● INSTRUCTIONS FOR THE TASK
From the line containing "Range bar chart" down to the line containing "COLAMY Wooden Dining", copy out the entries below exactly, both lines included, and nothing else; pictures do not belong in the copy.

● PROVIDED ENTRIES
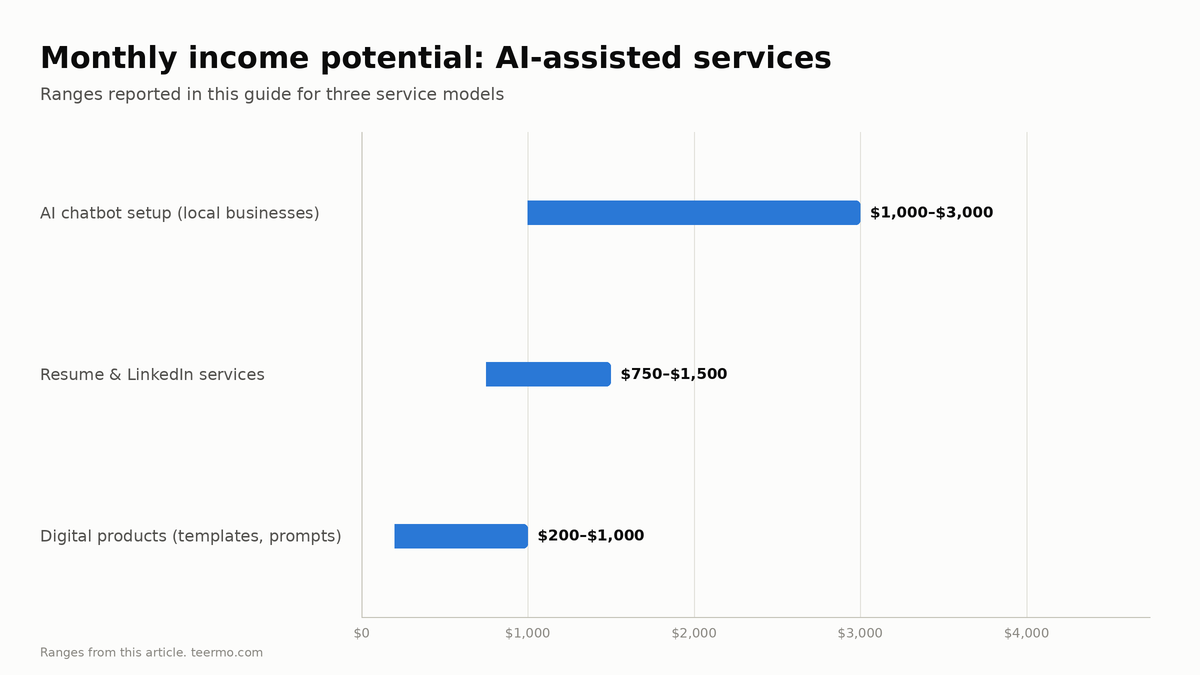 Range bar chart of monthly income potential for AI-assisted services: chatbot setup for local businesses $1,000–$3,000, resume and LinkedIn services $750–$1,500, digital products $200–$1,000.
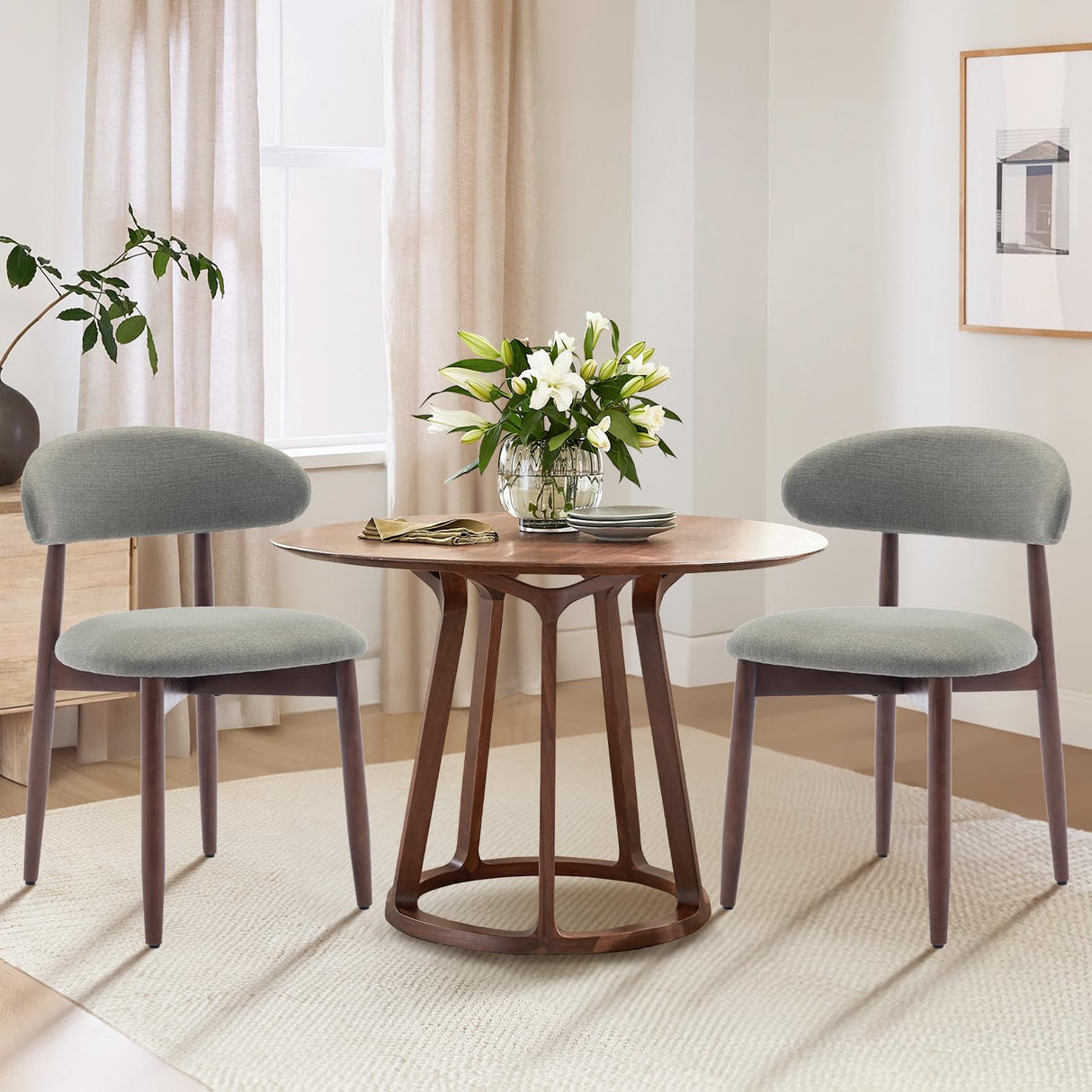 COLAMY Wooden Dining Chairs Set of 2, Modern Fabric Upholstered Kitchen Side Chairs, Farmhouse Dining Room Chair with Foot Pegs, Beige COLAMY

--

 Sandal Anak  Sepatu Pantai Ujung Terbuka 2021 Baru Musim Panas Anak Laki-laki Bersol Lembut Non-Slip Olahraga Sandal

==

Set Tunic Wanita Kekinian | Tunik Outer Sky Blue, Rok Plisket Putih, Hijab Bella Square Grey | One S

● RESULT OF THIS TASK
 Range bar chart of monthly income potential for AI-assisted services: chatbot setup for local businesses $1,000–$3,000, resume and LinkedIn services $750–$1,500, digital products $200–$1,000.
 COLAMY Wooden Dining Chairs Set of 2, Modern Fabric Upholstered Kitchen Side Chairs, Farmhouse Dining Room Chair with Foot Pegs, Beige COLAMY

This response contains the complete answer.